+++ Given records +++
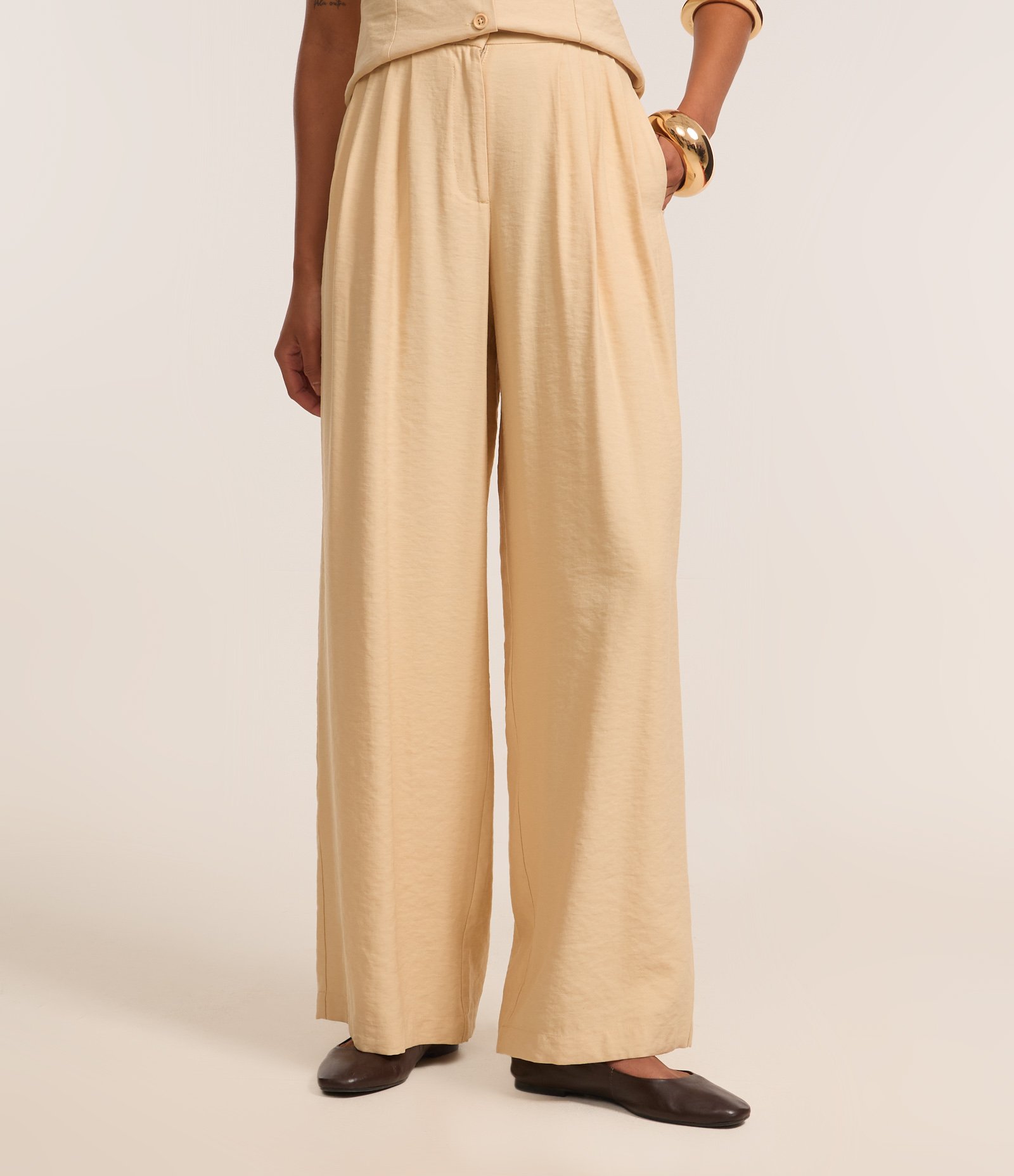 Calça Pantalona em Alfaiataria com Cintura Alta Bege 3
+++
+++ Given records +++
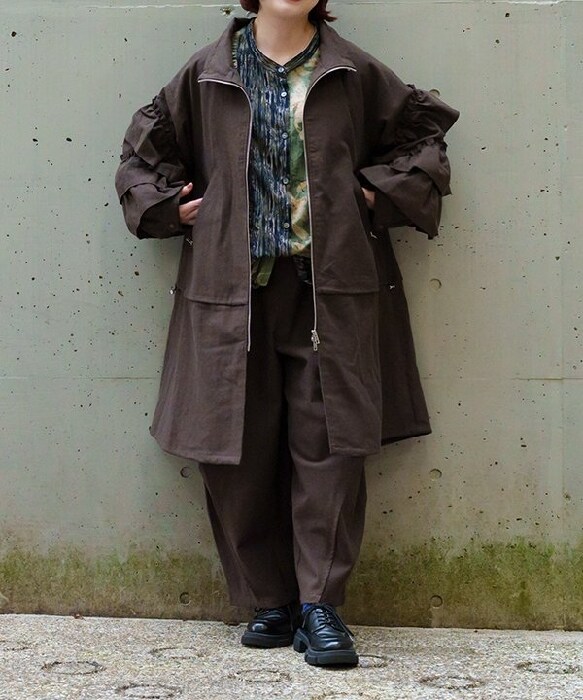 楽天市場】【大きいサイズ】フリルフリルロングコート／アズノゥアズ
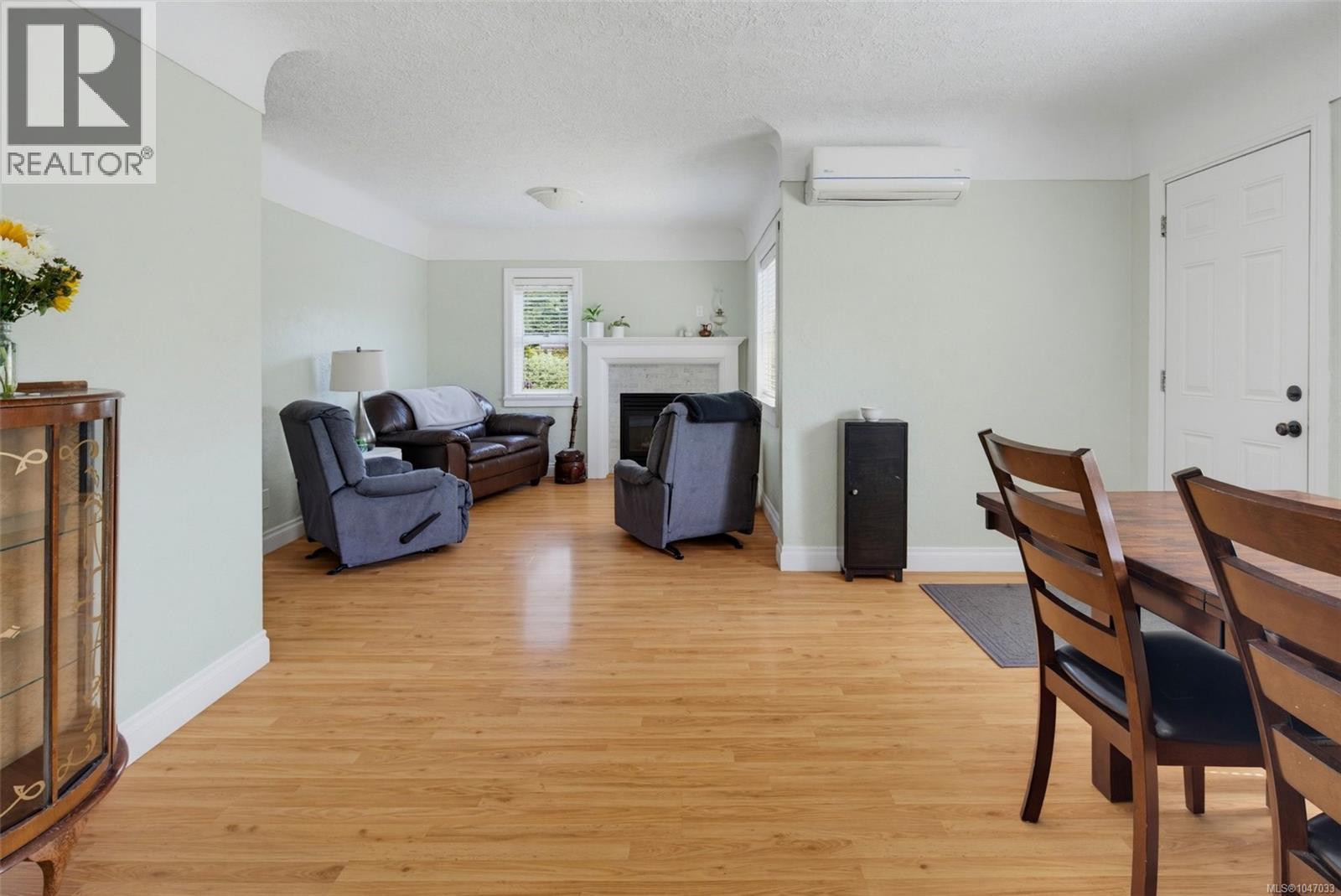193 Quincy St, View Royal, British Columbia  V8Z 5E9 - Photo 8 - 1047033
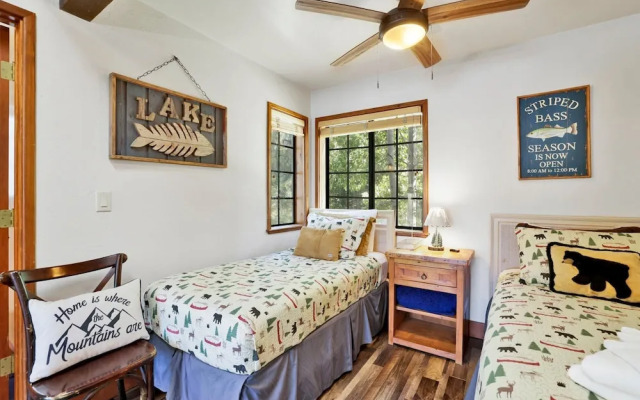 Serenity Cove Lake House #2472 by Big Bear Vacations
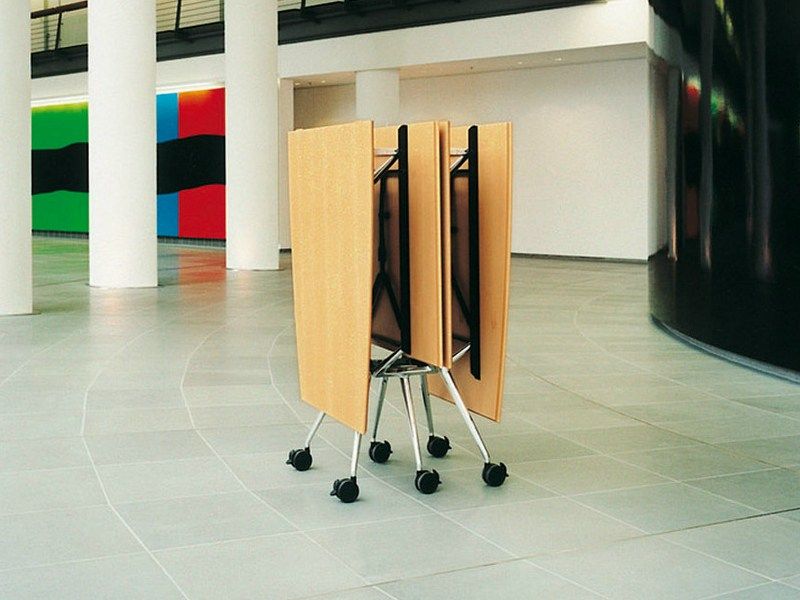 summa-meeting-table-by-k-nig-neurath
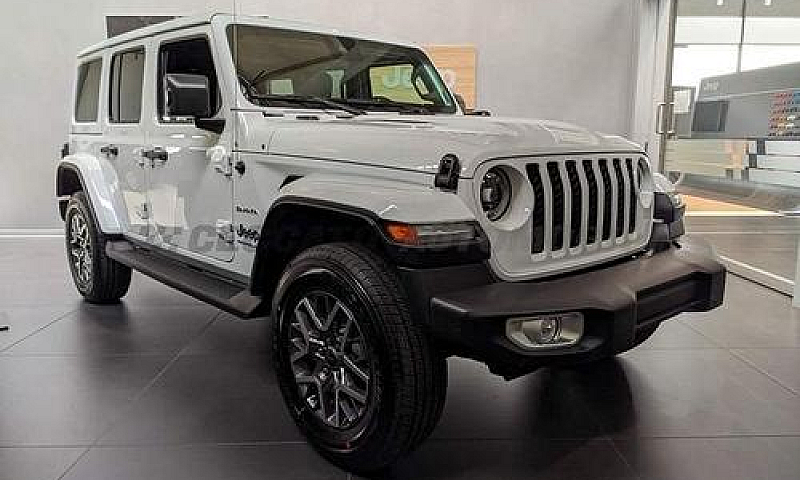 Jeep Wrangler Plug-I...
+++
+++ Given records +++
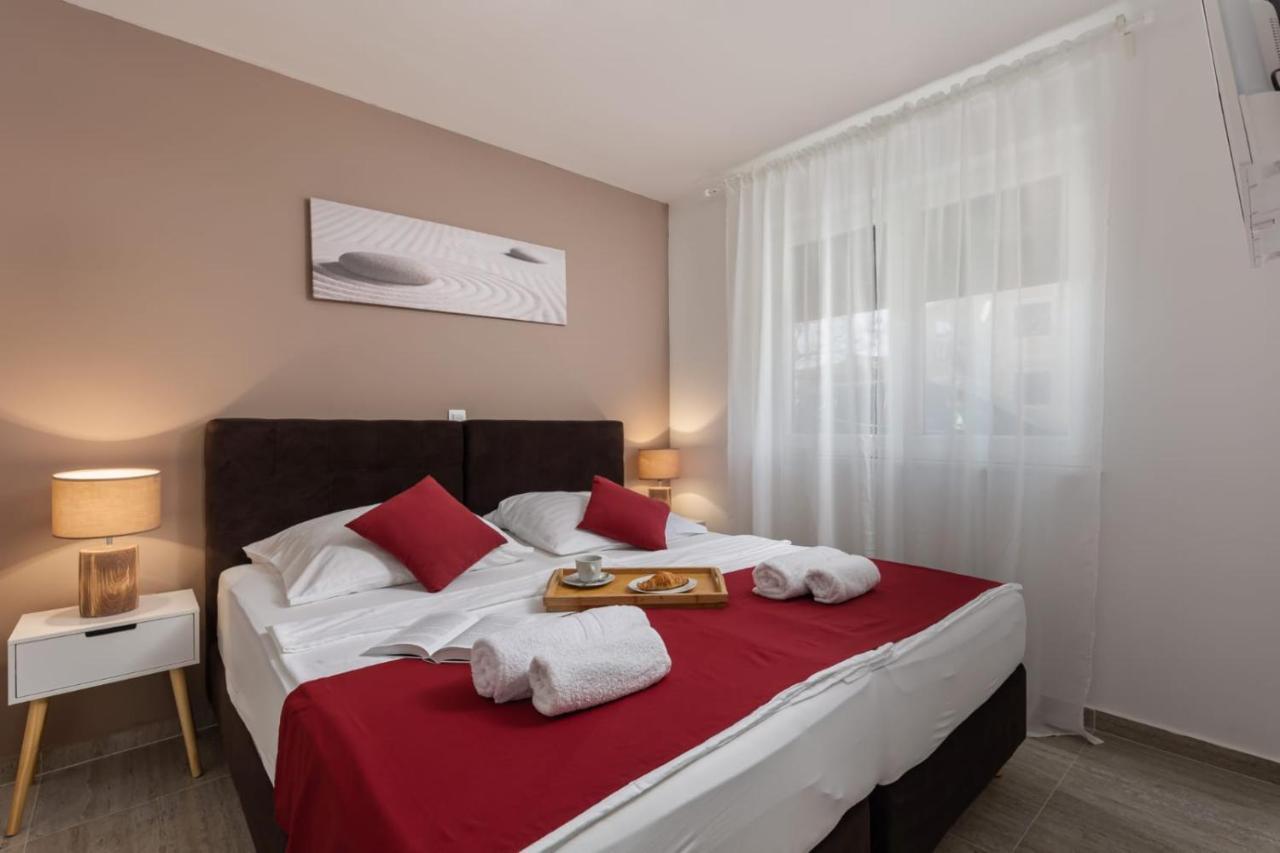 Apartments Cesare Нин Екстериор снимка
+++
* [Your objective] The answer is the lines above from the one with "193 Quincy St, View" to the one with "Jeep Wrangler Plug-I...", set down exactly, with no pictures.

* [Answer space]
193 Quincy St, View Royal, British Columbia  V8Z 5E9 - Photo 8 - 1047033
 Serenity Cove Lake House #2472 by Big Bear Vacations
 summa-meeting-table-by-k-nig-neurath
 Jeep Wrangler Plug-I...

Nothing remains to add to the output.